You too may find cause to reflect, as I have done, on the fact that tales about historical figures can often be total fabrication, or embroidered, or half- or quarter-truths, and only rigorous painstaking historical research can correct them.
Me too, thanks for sharing! It is amazing to me just how much of history we are not taught or informed about. I will certainly consider this book for future reference.
Very interesting piece,and yes pre internet I believed mostly everything I was taught at school.But now the internet has opened my eyes and now I can,be it also carefully check facts and gain more knowledge.

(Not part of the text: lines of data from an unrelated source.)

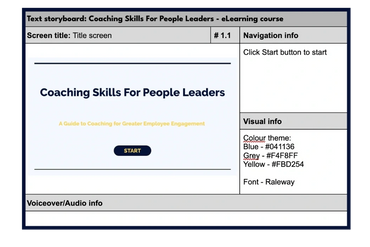 Visual storyboard created in Google Docs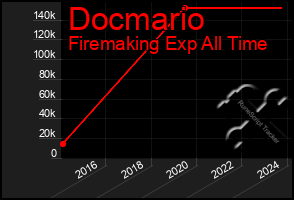 Total Graph of Docmario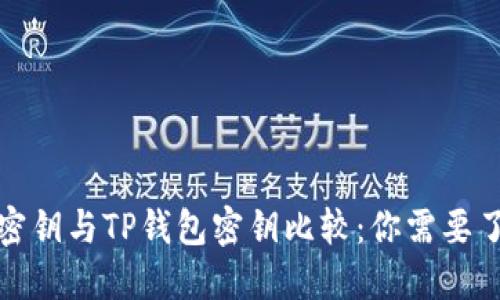 bias币安密钥与TP钱包密钥比较：你需要了解的区别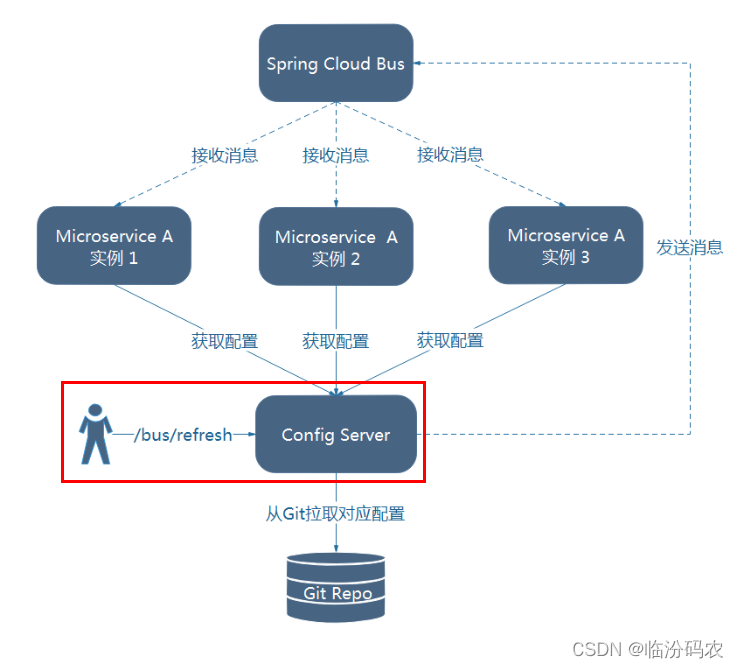 消息总线(Spring Cloud Bus)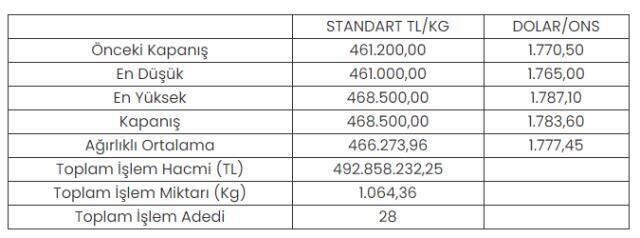 Altının kilogramı 468 bin 500 liraya yükseldi Altının kilogramı 468 bin 500 liraya yükseldi
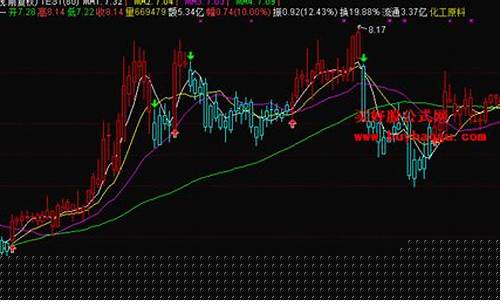 波段操盘全攻略 pdf(波段操盘法则)_https://www.gen-fastener.com_大商所_第1张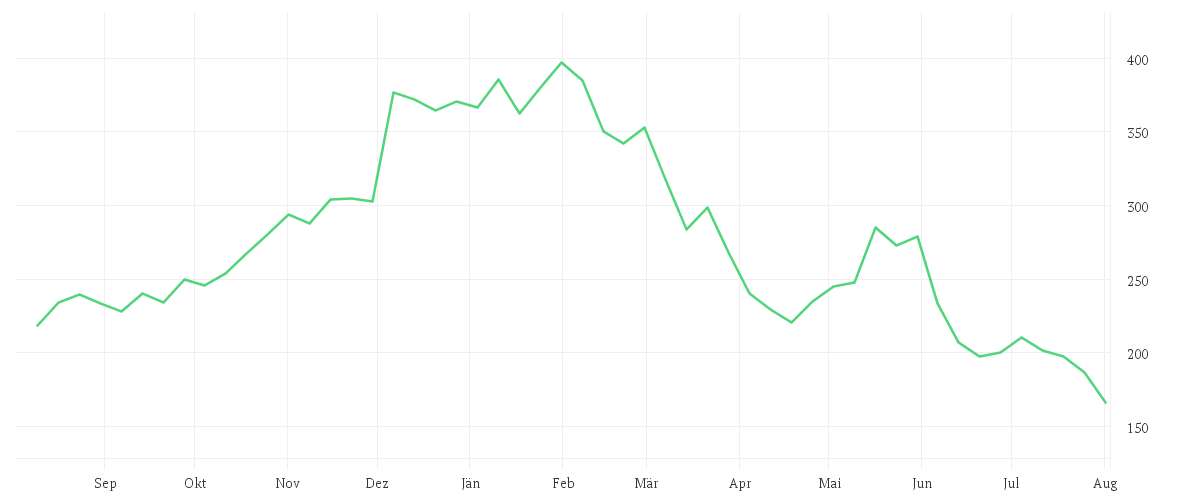 Chart zur Jahresentwicklung von LULULEMON ATHLETICA INC.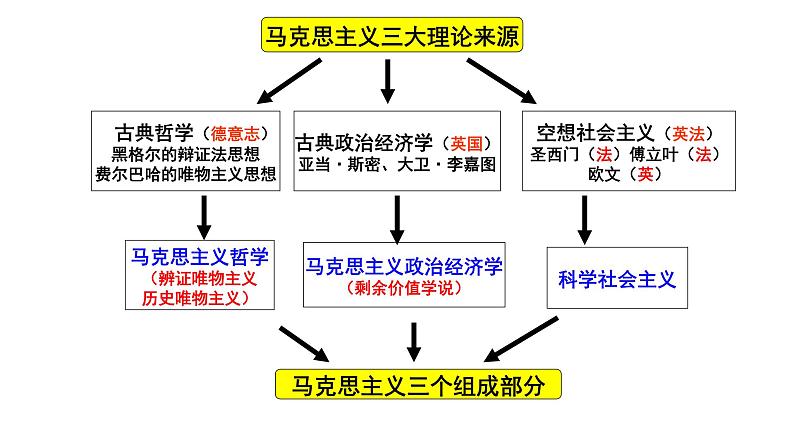 人教统编版 高中历史 必修 中外历史纲要（下）第11课 马克思主义的诞生与传播课件06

Yes, Isa, I admit I use the internet a lot for my research, as I’m sure many do. Sadly though, the same dangers apply, as to all the stories told over the centuries about historical figures like Richard III. People can easily put false testimony on the internet too. We have to be discerning, and follow our instincts and trust our own doubts (that sounds like a contradiction in terms!). I think the value of books like John Ashdown-Hill’s is that he demonstrates every step he has taken, in carefully assessing all types of evidence and witness, and has weighed up different testimonies, and evaluated whether they are trustworthy or not. Having said that, I am about to do some internet research for an aspect of the plot in my new novel, & I’m having to ask myself whether I should rely on it or not, and whether I should really try to get the info firsthand (it’s about police procedure). Perhaps that will be the subject of another blog post!